O confronto com este tipo de situações deixava-os, enquanto crianças, mais vulneráveis e incapazes de agir, como podemos observar: “eu era a mais pequena, não sabia o que fazer, saia daquela divisão, metia os fones nos ouvidos aos berros a saber que as pessoas estavam noutro sítio a passarem-se”.

As razões elencadas para o acolhimento familiar são concordantes com as observadas por Delgado e Carvalho (2013), de onde sobressaem a negligência (84,8%) e os maus-tratos físicos (14,9%).

Conforme pudemos perceber, os fatores de risco que estiveram na origem das diferentes retiradas dizem respeito a características da família de origem, o que nos levou a questionar sobre

o tipo de apoio que estas poderão ter recebido antes da retirada ocorrer e durante o período em que as crianças estiveram acolhidas.
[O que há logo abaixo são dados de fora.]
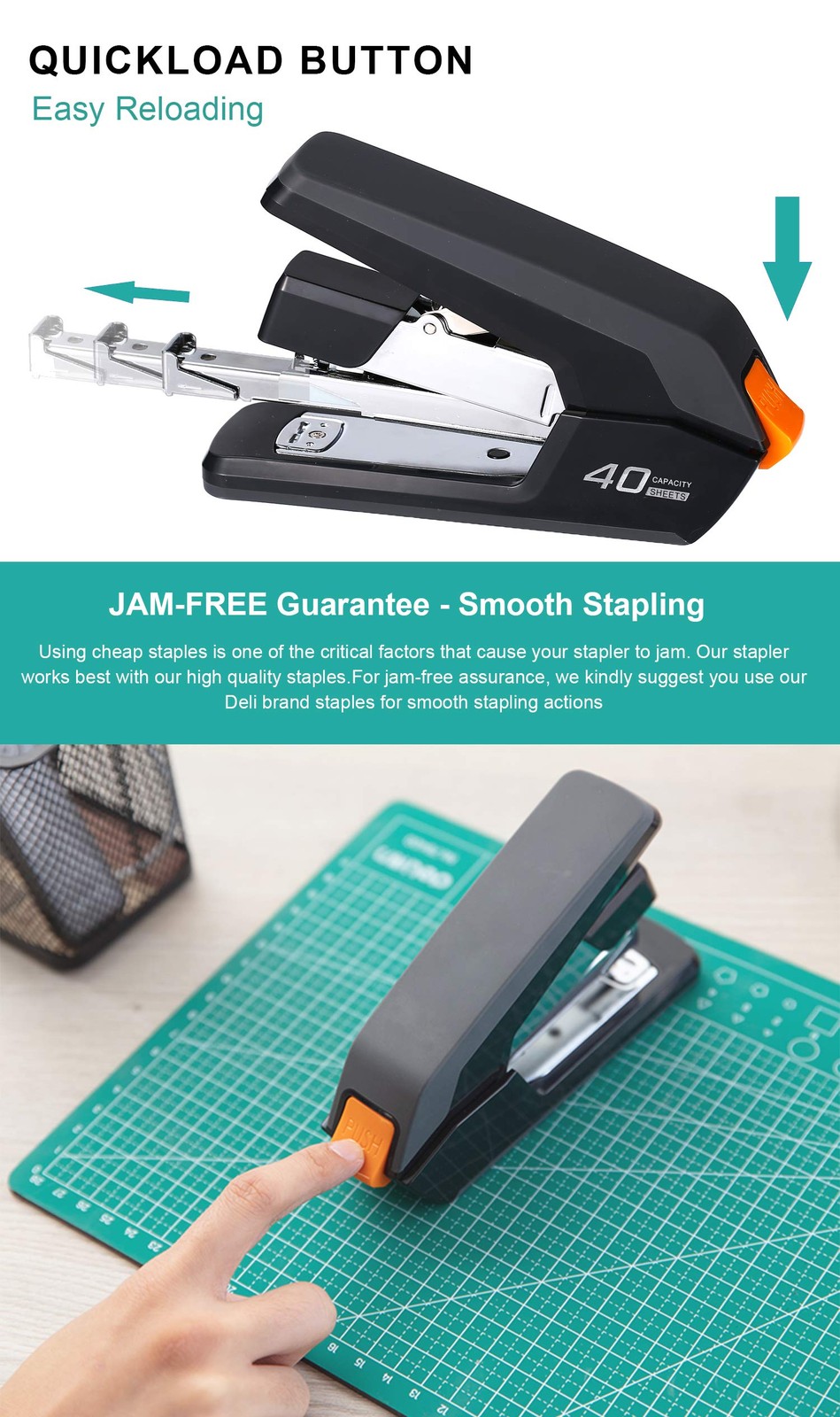 Leven Effortless Desktop Stapler, 40 Sheet Capacity, One 40 Sheets, Black
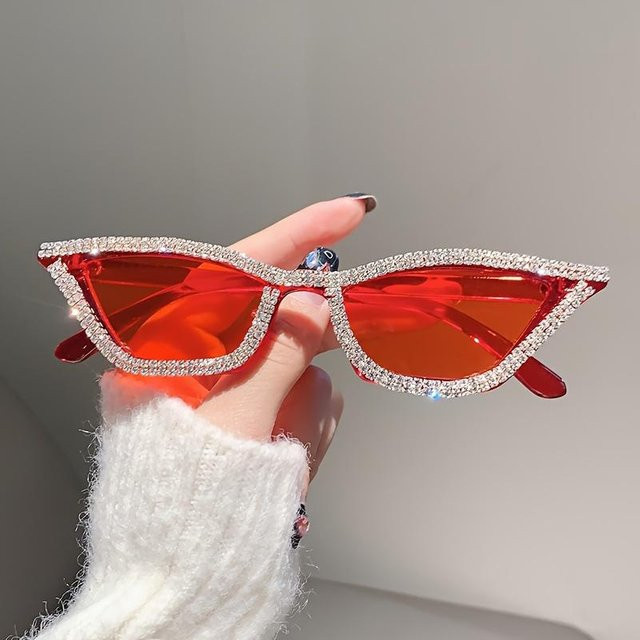 Dote Sonnenbrille Cat-Eye, Vollrand, Kunststoff, rot, Unisex - Bild 1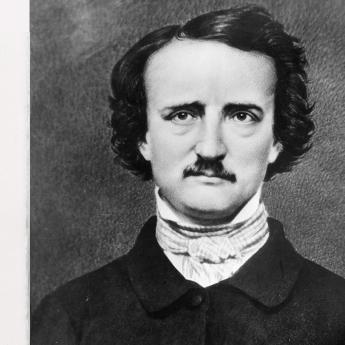 Left image is a illustration of a raven. The right image is a black and white portrait of Edgar Allan Poe.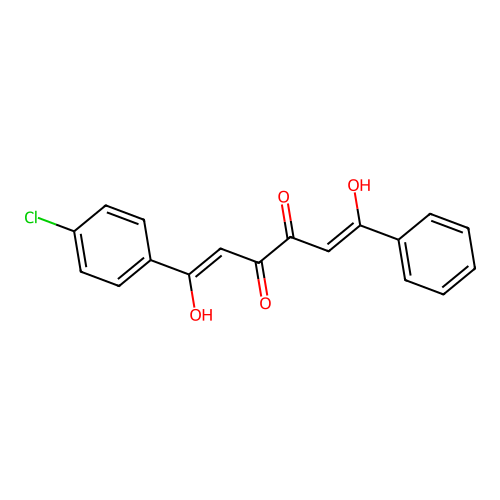 (2E,4E)-1-(4-chlorophenyl)-3,4-dihydroxy-6-phenylhexa-2,4-diene-1,6-dione structure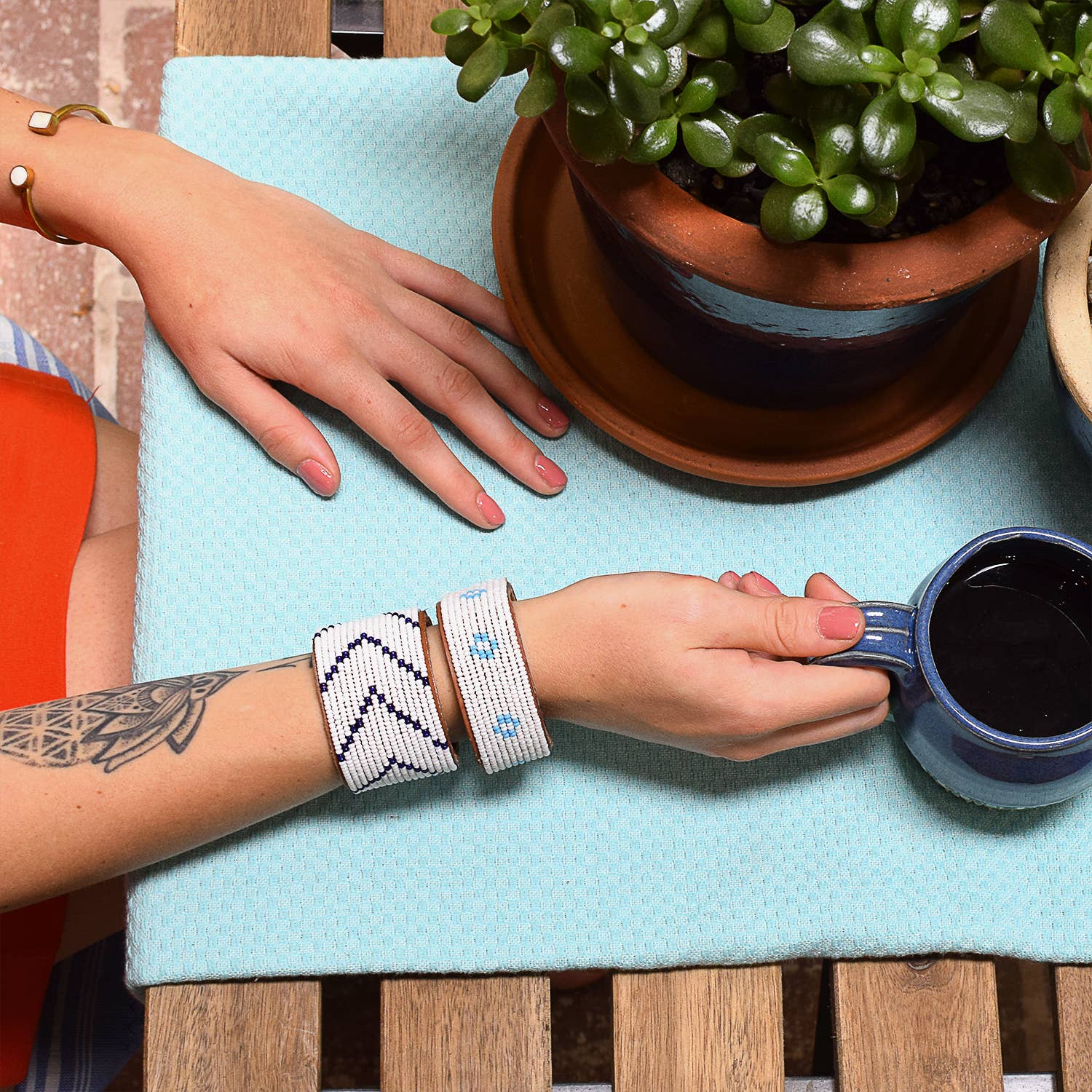 Swahili Coast - Wholesale Cuff Bracelet - Large Dark Blue Chevron Leather Cuff2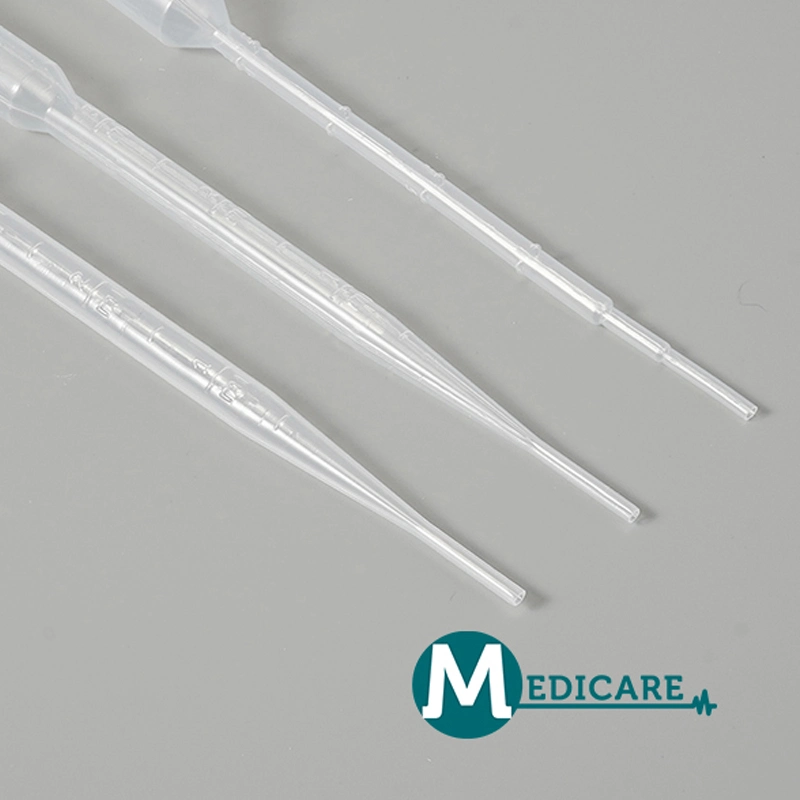 Laboratório de manuseio de líquidos de plástico descartável de 3ml estéril de pipetas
Percebemos que os apoios prestados, numa fase anterior ao acolhimento, ou não existiam, “porque eu sei que ninguém tinha feito nada” ou eram apoios monetários, o “dinheiro da Segurança Social” e de caráter pontual. Quando a transição ocorre, e pelo desejo de alguns pais em voltar a ter os filhos consigo, percebemos que os apoios prestados eram de natureza médica com vista ao tratamento das situações aditivas, tal como Anna (6, (24)) elucida: “…ela como me queria ter, queria ter-me de volta, fizeram o primeiro internamento, a primeira desintoxicação…tentaram fazer”. Porém, a perceção que os jovens – adultos têm é de que estes foram ineficazes, “porque as coisas nunca…nunca foram a 100%”. Uma vez que a viabilidade da medida de acolhimento familiar passa, também, pela reestruturação da família de origem, era necessária uma maior mobilização por parte da equipa de acolhimento e da sua rede, disponibilizando outro tipo de apoios, entre os quais destacámos o apoio social que nestas famílias é tido como “um dos fatores de proteção que podem contribuir para neutralizar o efeito de risco” (López, 2010, p.147).